It was so exciting. So, 2011, I can even remember that day. Nature published a paper and they were looking at the animal model of multiple sclerosis and how the gut microbiome may be influential in terms of triggering the animal model of multiple sclerosis. I had no idea that people were even thinking about this, and this led me down a whole new research path and now I’m actually coordinating principal investigator on a study where we’re collecting stool samples from children with multiple sclerosis and controls across Canada and across the US, and so it was thrilling for me to spend time in the lab whose work had really pushed me onto this path, so it was a lot of fun.
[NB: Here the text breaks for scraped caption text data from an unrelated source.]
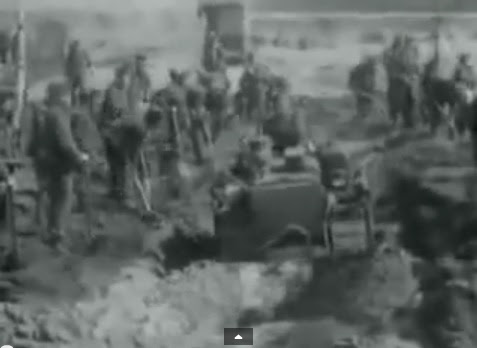 Region of Bergen-Belsen: SS has to                               dig out a mass grave and allies are                               helping with a bulldozer (6min. 48sec.)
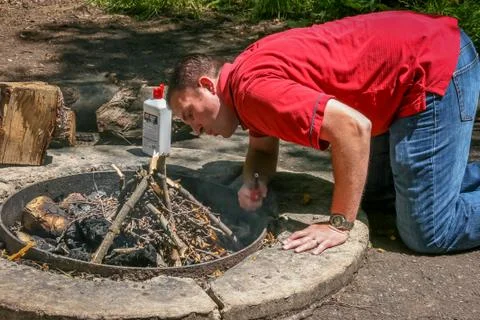 Man Lighting Fire in Firepit Foto stock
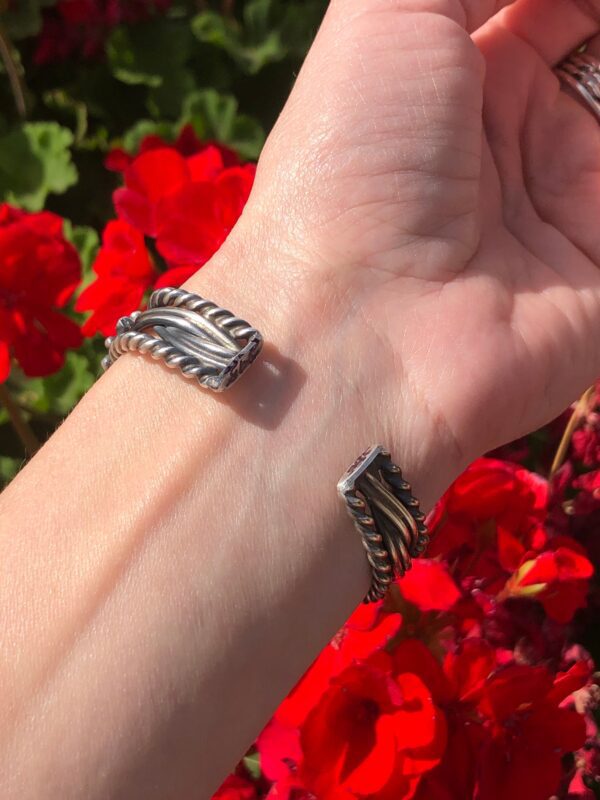 A woman's hand is holding a pair of silver cuff bracelets.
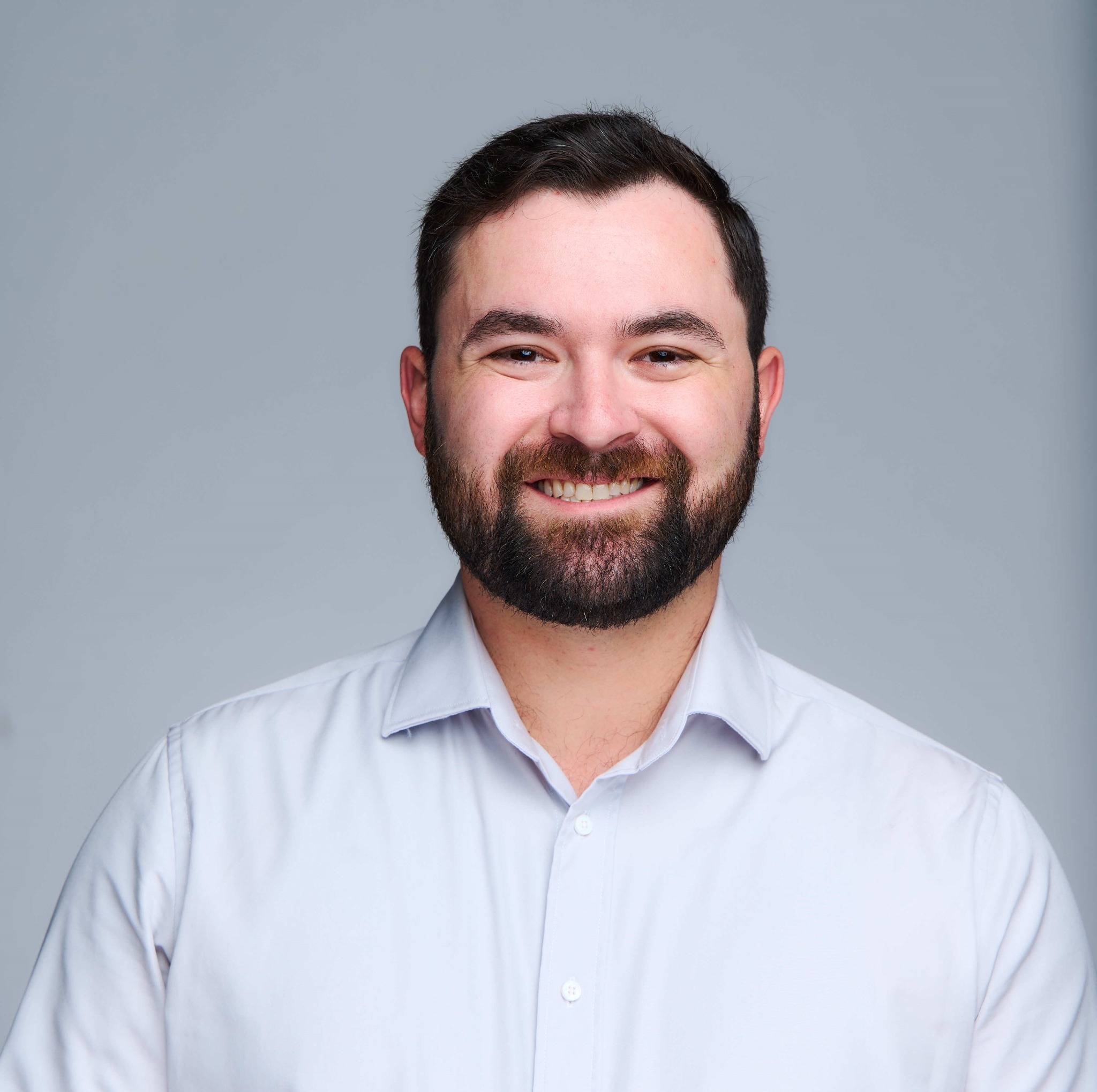 Jordan Robinson smiling in a professional headshot.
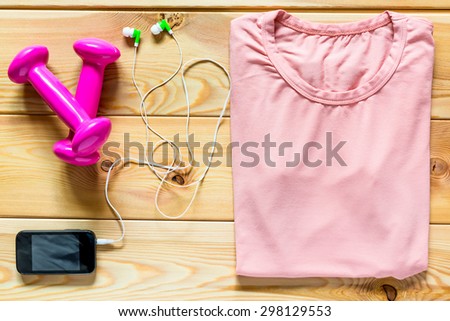 Clothing and dumbbells for sports girl shot from above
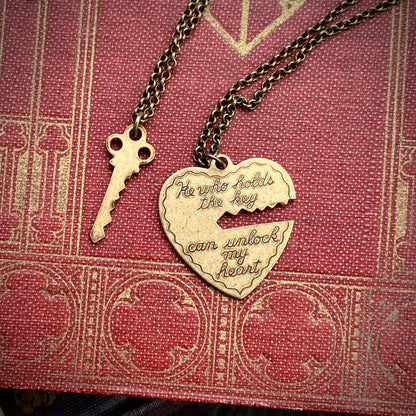 Antiqued brass necklaces. One with a key pendant and the other with a heart-shaped pendant with a key-shaped cutout.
So, there’s no additional funds attached to it, but it just meant that it was a formal opportunity and your salary was continued as such without a break. You didn’t have to take it as a sabbatical leave or anything like that. And I was just there for two months, but it was a really great two months.

Jean-Pierre Bourguignon:

During my time we have signed agreements with China, with India, with Brazil, with Australia, with Japan, so of course, these are countries which worldwide play a very critical role. I should also mention South Africa with which we have also developed a very interesting collaboration. Still, we want for the future to actually have more tools. For example, for the moment, the tools we have are only the ones I describe – namely visits by scientists from these places to visit ERC teams. We hope that in the next framework programmes, some more agility will be given to the scientific council, and having the possibility to also accompany researchers from our teams who want to visit abroad. One of the very simple principles of international collaboration is typically reciprocity – that is what you make possible in one direction should be possible in the other direction. For the moment, as you heard, the only possibility is people from these countries to come and visit Europe. We would like also to help and accompany researchers from Europe who have got the ERC contracts to also be helped when they want to visit researchers from other countries outside Europe.

Something we reintroduced very recently are the so-called Synergy calls, so it’s a different call from the other ones. They are really for individual principal investigators, as we name them. In the case of Synergy, it’s really to encourage more ambitious, more global projects with two, three or four PIs (principal investigators). Of course, the idea is not to create a consortium. It’s really the idea that people come up with a truly challenging scientific problem they want to address, and we call it Synergy because we want them to really convince us that they are really the right group of people to tackle this. So in particular, we see this as a very specific place where interdisciplinary work can be developed. So, in a sense we wanted to create such a space where really people who need resources and skills and knowledge, expertise from different fields, can come together to tackle a very well-identified problem and to do that together. And so, this has been we have run only one such call so far for the year 2018. We just published the results. So, 27 projects have been supported. I didn’t mention globally the number of projects we have supported – we are typically at 9,000 projects overall supported – but the Synergy project is for very interesting new challenges. So, this is another dimension that ERC and the scientific council wants to tackle – that is to acknowledge the great importance for the future development of research of interdisciplinary work, that people need to learn how to work together but the way we do it is again under the very strict bottom-up philosophy. We just want people to come up to us, come forward with ambitious projects and very challenging problems they want to tackle and to try and convince the evaluators that they are the right people to do that and that they have assembled really the people who can do that in the best possible way. So, this dimension of Synergy is also that we want to be sure that Europe is the leader to tackle some of the most challenging scientific problems.